> [Your instructions]: Copy each line below that contains "view".
(Beginning of Material to process)
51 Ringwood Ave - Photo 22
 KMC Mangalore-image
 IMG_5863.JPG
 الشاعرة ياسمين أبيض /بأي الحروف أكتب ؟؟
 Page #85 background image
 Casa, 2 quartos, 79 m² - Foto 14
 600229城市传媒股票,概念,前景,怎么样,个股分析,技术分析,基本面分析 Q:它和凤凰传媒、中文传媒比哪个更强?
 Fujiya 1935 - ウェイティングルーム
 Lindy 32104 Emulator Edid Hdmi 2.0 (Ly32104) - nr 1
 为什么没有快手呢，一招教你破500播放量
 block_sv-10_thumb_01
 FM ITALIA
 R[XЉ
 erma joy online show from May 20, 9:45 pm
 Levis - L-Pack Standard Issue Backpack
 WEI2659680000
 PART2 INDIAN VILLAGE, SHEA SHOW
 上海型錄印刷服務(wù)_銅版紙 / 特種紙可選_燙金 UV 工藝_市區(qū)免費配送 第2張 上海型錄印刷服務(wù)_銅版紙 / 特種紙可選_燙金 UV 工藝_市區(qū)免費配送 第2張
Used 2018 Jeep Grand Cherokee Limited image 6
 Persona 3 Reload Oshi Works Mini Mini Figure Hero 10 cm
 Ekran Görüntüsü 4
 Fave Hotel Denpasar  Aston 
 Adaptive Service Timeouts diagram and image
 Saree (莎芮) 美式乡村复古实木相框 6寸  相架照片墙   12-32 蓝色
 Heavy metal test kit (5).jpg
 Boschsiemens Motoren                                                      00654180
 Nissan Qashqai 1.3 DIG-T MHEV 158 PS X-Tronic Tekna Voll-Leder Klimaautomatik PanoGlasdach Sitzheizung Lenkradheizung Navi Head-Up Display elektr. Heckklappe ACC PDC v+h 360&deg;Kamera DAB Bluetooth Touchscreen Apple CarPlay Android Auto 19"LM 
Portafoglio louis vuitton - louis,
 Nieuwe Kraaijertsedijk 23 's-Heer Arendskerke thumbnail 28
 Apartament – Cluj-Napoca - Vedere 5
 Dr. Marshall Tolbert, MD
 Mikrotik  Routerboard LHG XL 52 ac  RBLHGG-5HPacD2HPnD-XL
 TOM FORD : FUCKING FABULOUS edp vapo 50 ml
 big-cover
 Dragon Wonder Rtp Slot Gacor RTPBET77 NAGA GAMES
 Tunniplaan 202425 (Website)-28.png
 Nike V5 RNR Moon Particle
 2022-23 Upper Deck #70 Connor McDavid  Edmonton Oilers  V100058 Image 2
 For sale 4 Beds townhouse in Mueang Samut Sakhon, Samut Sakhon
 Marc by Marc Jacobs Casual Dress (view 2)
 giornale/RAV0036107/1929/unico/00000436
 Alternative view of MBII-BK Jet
(End of Material to process)
> [Output of the exercise]:
 Marc by Marc Jacobs Casual Dress (view 2)
 Alternative view of MBII-BK Jet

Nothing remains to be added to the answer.